Companies deploying Hadoop need to think carefully

Source: Internet
Author: User
Keywords Install www http run express

In recent years, Hadoop has received a lot of praise, as well as "moving to the Big data analysis engine". For many people, Hadoop means big data technology. But in fact, open source distributed processing framework may not be able to solve all the big data problems. This requires companies that want to deploy Hadoop to think carefully about when to apply Hadoop and when to apply other products.

For example, using Hadoop for large-scale unstructured or semi-structured data can be said to be more than sufficient. But the speed with which it handles small datasets is little known. This limits the use of Hadoop in the Metamarkets group. Metamarkets Group is located in San Francisco, providing real-time marketing analysis for online advertising.

Metamarkets CEO Michael Driscoll revealed that, in a tight time, the company uses Hadoop to process large, distributed data, including running a day end report to review the day's turnover, or to view historical data several months ago.

But in its core business of delivering to customers-running real-time analytics-metamarkets does not use Hadoop. Driscoll that the best approach is to run a batch job in a database to view each file. In the final analysis, this is a trade-off: Hadoop sacrifices speed in order to establish a deep correlation between data points. Driscoll said: "Using Hadoop is like having a pen pal, you write a letter to him, send it to the past few days before getting a reply." This is a far cry from the experience (SMS) or email. ”

10gen's product marketing manager, also MongoDB NoSQL database developer Kelly Stirman, says that fast response is critical online, while Hadoop is constrained by time.
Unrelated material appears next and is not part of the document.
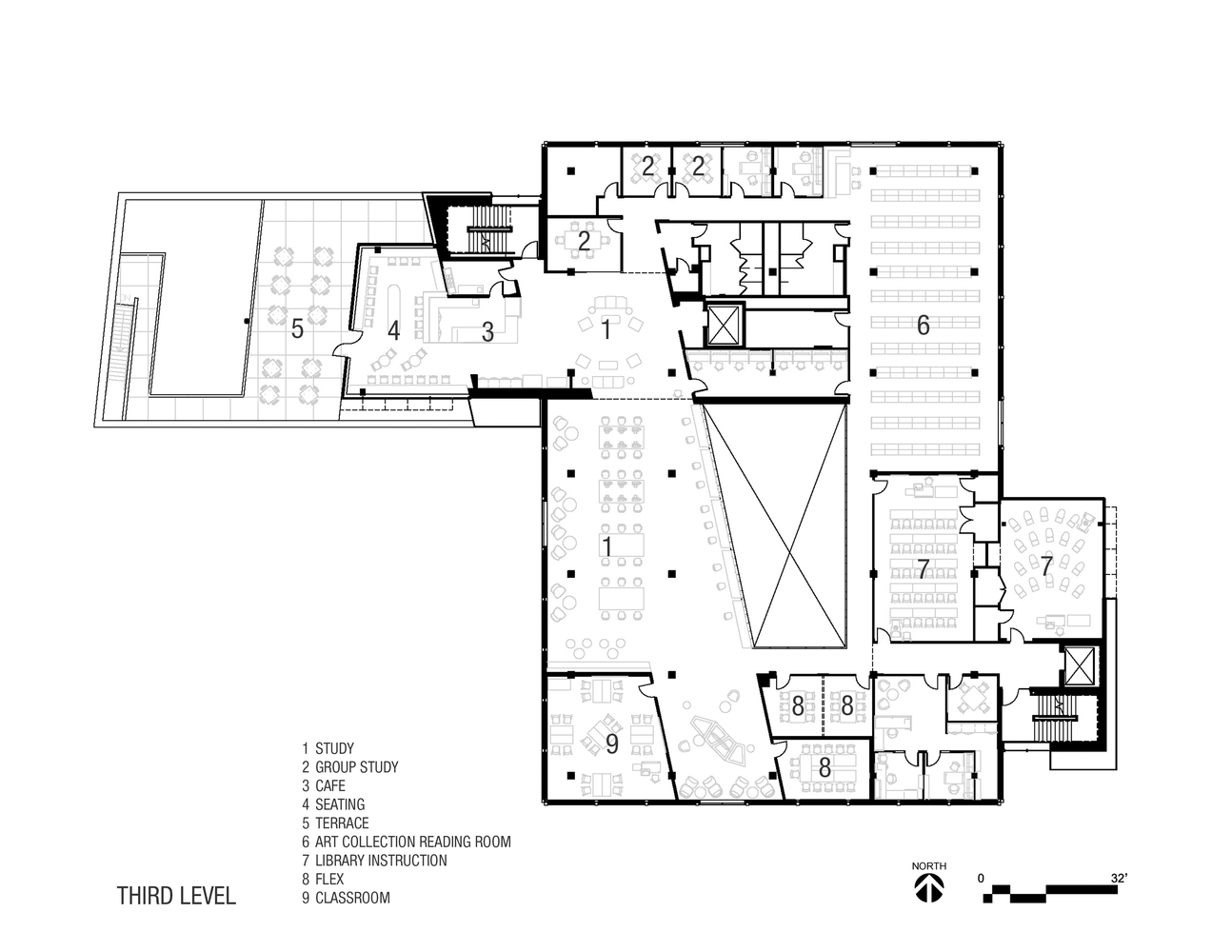 美国科罗拉多大学塔特图书馆扩建-40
For example, online analytics applications such as product recommendation engines rely on fast processing of small amounts of information, but Hadoop does not do it effectively.

Do not consider the permutation database

Because open source technology has greatly reduced the cost of technology, some companies may consider scrapping traditional data warehouses to select Hadoop clusters. But Carl Olofson, a market research analyst at IDC, says the two are simply not comparable.
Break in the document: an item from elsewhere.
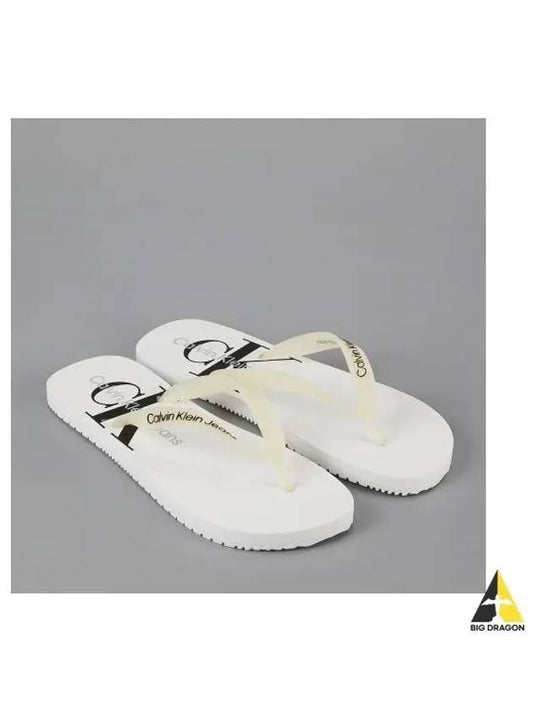 JEANS Men s White Deli Flip Flops YM00838 YBR - CALVIN KLEIN - BALAAN 1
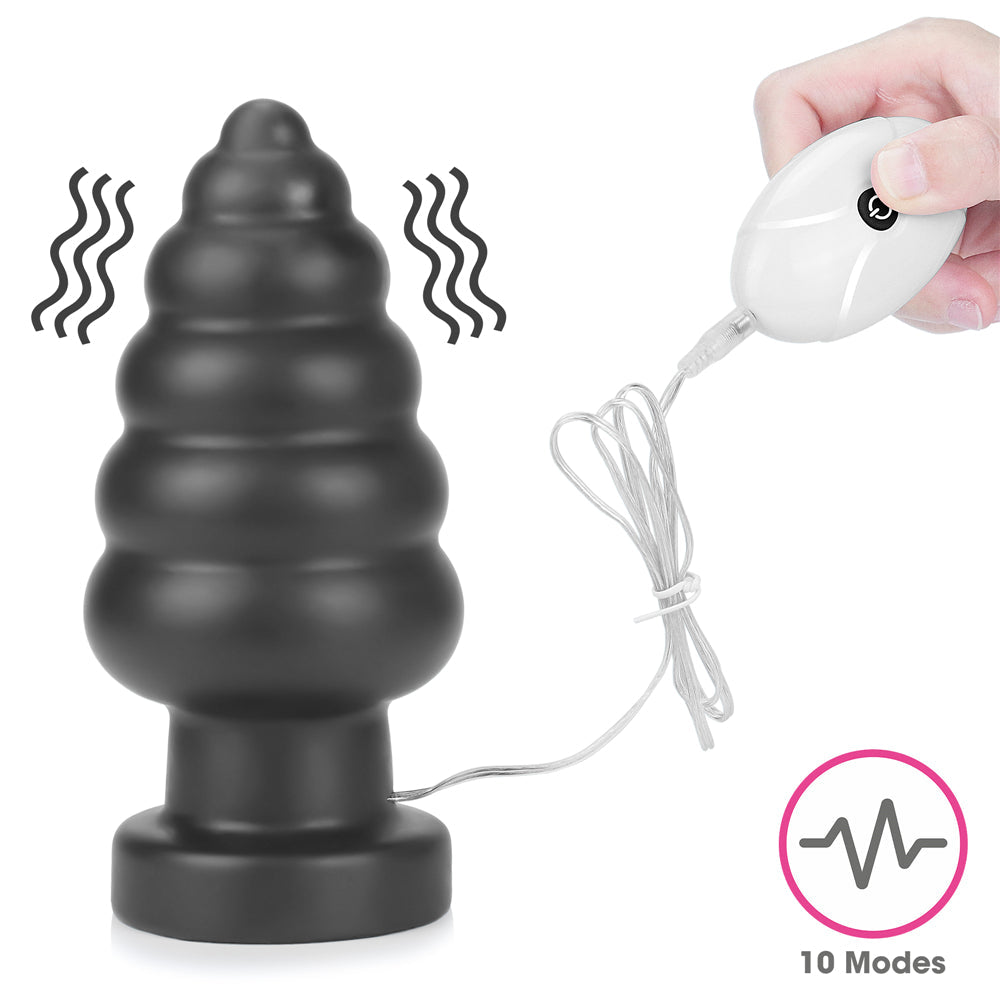 Anal Cracker Large Vibrating Butt Plug 7"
Olofson says relational databases provide the power for most data warehouses to accommodate data flows that are remitted over a period of time at fixed frequencies, such as transactions in daily business processes. On the other hand, Hadoop is good at processing large amounts of cumulative data.

Related reading:

Hadoop 2.0 Setup Wizard (0.23.x) http://www.linuxidc.com/Linux/2012-05/61463.htm

Hadoop 1.2.1 Single node setup step http://www.linuxidc.com/Linux/2013-08/89377.htm

Installing Hadoop http://www.linuxidc.com/Linux/2013-08/88600.htm on CentOS

Ubuntu 12.04 Install Hadoop http://www.linuxidc.com/Linux/2013-08/88187.htm

CentOS 6.3 compatible installation and configuration Hadoop-1.0 http://www.linuxidc.com/Linux/2013-07/87959.htm

Getting started with Hadoop –HADOOP2 pseudo distributed installation: http://www.linuxidc.com/Linux/2013-06/86403.htm

Hadoop2.2.0 single node installation and testing: http://www.linuxidc.com/Linux/2013-10/91911.htm

Related Article

Contact Us

The content source of this page is from Internet, which doesn't represent Alibaba Cloud's opinion; products and services mentioned on that page don't have any relationship with Alibaba Cloud. If the content of the page makes you feel confusing, please write us an email, we will handle the problem within 5 days after receiving your email.
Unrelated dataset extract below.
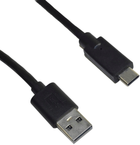 Kabel Msonic USB Type-A - USB Type-C 1 m Black (4718308535556) - obraz 1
If you find any instances of plagiarism from the community, please send an email to: info-contact@alibabacloud.com and provide relevant evidence. A staff member will contact you within 5 working days.

A Free Trial That Lets You Build Big!

Start building with 50+ products and up to 12 months usage for Elastic Compute Service

  • Sales Support

    1 on 1 presale consultation

  • After-Sales Support

    24/7 Technical Support 6 Free Tickets per Quarter Faster Response

  • Alibaba Cloud offers highly flexible support services tailored to meet your exact needs.